The pursuit of a peace settlement should be combined with the discussion of a post-Karzai political order in Kabul, and with an Afghan national debate on reform of the constitution, which is now widely recognized to be deeply flawed and far too centralized, and which was never truly approved by the Afghan people. The first step to peace with the Taliban therefore should be to acknowledge their right to participate in a genuine national debate on a new Afghan constitution.

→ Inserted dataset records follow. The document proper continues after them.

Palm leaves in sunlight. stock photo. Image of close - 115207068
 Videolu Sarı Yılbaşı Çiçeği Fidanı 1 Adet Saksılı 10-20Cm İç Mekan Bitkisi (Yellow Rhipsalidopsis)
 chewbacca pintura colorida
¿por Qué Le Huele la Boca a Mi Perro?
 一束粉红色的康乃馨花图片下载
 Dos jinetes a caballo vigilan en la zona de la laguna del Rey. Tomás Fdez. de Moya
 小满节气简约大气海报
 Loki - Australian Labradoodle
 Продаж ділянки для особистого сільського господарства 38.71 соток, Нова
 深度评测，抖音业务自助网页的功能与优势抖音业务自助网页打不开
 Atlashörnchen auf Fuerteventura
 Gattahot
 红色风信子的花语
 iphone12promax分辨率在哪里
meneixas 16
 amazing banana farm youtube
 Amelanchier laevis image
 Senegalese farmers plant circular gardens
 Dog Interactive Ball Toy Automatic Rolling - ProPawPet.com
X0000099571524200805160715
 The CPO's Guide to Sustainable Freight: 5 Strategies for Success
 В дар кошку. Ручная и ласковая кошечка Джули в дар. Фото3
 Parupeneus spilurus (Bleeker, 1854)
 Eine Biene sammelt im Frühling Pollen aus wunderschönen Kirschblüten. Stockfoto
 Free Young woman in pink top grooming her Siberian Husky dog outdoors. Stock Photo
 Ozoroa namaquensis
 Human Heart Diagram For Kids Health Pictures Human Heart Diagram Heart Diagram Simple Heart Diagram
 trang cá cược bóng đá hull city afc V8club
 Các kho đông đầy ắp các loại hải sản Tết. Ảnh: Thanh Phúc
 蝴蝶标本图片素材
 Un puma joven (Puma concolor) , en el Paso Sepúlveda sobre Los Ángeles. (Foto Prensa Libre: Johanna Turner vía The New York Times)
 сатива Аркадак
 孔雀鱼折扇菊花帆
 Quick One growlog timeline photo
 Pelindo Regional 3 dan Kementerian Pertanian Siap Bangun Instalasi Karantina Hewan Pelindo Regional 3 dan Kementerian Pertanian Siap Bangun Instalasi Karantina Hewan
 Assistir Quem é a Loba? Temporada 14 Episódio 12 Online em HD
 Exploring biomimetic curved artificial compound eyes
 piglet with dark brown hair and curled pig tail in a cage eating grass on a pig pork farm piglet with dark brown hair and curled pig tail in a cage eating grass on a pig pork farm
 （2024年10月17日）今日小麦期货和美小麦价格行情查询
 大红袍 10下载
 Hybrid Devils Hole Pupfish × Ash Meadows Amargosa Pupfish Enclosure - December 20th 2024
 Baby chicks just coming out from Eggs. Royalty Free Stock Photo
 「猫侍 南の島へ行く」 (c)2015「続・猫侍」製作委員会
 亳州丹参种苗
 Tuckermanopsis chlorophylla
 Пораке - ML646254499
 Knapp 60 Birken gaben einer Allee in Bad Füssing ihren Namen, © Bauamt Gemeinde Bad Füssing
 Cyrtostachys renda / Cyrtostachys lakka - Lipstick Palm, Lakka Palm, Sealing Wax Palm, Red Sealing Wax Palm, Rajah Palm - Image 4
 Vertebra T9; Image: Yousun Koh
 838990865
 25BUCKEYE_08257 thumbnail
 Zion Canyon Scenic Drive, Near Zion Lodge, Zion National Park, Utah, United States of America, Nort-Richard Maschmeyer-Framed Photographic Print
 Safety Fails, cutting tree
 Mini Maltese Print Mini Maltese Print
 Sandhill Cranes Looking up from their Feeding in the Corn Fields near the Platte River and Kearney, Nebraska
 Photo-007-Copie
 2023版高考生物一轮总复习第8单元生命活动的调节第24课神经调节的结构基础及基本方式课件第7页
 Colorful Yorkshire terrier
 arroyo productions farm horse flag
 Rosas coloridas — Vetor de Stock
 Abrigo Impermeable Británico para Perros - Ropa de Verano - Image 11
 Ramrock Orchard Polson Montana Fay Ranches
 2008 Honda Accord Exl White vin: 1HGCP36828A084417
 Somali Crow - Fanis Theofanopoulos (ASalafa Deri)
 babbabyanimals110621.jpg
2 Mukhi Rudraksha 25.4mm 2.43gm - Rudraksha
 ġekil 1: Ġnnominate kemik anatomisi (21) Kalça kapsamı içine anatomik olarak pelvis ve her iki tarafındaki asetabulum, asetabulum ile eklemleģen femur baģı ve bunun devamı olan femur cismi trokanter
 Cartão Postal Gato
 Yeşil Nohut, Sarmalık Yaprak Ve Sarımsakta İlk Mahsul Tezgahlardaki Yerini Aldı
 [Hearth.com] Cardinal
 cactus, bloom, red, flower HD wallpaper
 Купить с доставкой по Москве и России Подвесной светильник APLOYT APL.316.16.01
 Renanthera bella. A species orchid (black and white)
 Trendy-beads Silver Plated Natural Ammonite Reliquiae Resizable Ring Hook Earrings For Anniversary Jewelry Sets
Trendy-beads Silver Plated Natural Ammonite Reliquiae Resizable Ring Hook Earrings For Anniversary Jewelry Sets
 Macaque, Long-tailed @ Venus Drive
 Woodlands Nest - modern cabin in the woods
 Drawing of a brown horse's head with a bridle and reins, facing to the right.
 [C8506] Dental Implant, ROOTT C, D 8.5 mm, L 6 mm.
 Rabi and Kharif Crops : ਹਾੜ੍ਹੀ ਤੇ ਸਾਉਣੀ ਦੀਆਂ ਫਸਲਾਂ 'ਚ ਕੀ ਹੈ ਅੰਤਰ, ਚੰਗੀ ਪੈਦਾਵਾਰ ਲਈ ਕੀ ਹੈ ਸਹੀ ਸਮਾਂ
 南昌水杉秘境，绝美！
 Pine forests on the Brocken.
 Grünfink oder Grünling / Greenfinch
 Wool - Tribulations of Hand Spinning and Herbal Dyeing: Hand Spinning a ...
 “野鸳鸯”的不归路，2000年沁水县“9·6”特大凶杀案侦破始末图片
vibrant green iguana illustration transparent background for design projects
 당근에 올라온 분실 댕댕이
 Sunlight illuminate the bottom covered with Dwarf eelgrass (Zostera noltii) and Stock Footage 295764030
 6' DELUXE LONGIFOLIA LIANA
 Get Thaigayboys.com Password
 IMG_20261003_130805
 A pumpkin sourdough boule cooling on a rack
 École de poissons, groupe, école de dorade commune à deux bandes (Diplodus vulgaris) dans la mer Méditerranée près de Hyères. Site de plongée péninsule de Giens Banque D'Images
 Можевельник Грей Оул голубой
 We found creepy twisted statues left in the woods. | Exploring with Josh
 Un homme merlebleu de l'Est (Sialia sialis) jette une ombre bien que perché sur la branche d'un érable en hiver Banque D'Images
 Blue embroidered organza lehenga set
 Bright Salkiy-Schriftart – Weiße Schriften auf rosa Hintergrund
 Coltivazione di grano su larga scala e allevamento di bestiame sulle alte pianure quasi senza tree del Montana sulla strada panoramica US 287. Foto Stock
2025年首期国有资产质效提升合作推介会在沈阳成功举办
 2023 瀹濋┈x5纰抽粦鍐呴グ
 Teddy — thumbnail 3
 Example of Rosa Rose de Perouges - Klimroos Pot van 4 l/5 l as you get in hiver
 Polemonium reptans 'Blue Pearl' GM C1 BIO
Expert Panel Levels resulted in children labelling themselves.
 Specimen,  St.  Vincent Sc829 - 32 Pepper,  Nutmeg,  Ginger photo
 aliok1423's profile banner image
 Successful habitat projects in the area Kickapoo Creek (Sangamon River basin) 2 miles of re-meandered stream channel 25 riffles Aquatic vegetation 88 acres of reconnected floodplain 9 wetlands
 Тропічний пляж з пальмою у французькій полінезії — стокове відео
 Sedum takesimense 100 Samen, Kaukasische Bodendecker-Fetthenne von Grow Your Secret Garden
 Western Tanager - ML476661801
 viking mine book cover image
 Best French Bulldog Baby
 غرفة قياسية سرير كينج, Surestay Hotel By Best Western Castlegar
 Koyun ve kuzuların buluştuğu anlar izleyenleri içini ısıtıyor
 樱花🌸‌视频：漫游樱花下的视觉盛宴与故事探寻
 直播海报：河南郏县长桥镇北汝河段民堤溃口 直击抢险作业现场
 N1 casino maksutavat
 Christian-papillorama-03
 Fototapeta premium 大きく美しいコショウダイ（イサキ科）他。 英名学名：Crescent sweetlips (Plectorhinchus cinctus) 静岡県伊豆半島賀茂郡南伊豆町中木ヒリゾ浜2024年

Finally, what of the fate of the social progress made since 2001, especially with respect to women’s rights? Jonathan Steele gives a powerful answer to the question. The melancholy truth is that the Taliban are no more reactionary in this regard than most of Afghan rural society. As the briefest glance at media coverage of Afghanistan in recent years makes clear, the limited gains for women’s rights have been made only under intense Western pressure and in the face of apparent strong resistance from our own Afghan political and military allies.

Where the Taliban were different—and attracted international opprobrium—was not in their basic culture, but in the way they codified the suppression of women in state law rather than leaving it to local and family custom. Moreover, they extended this suppression to the cities where women had made real though precarious progress over the course of the twentieth century. The task of the US and its allies therefore must be to preserve the cities at least as areas where women can continue to enjoy more rights and opportunities in the hope that a new culture will gradually spread from them to the countryside.

This is a depressing prospect when compared with the hopes that followed the overthrow of the Taliban ten years ago. But let us face facts. Our societies and official establishments have demonstrated beyond any possible doubt that they lack the stamina and capacity for sacrifice necessary to remain in Afghanistan for the decades that would be necessary to transform the position of Afghan women as a whole; and there is nothing ethical or responsible about setting goals from the safety of London or Washington that informed people know cannot in fact be reached. We do have a chance to try to do better than the Soviets and to try to save Afghanistan from an endless future of civil war, and to establish a peace in which future progress may be possible. It is our duty to take that chance.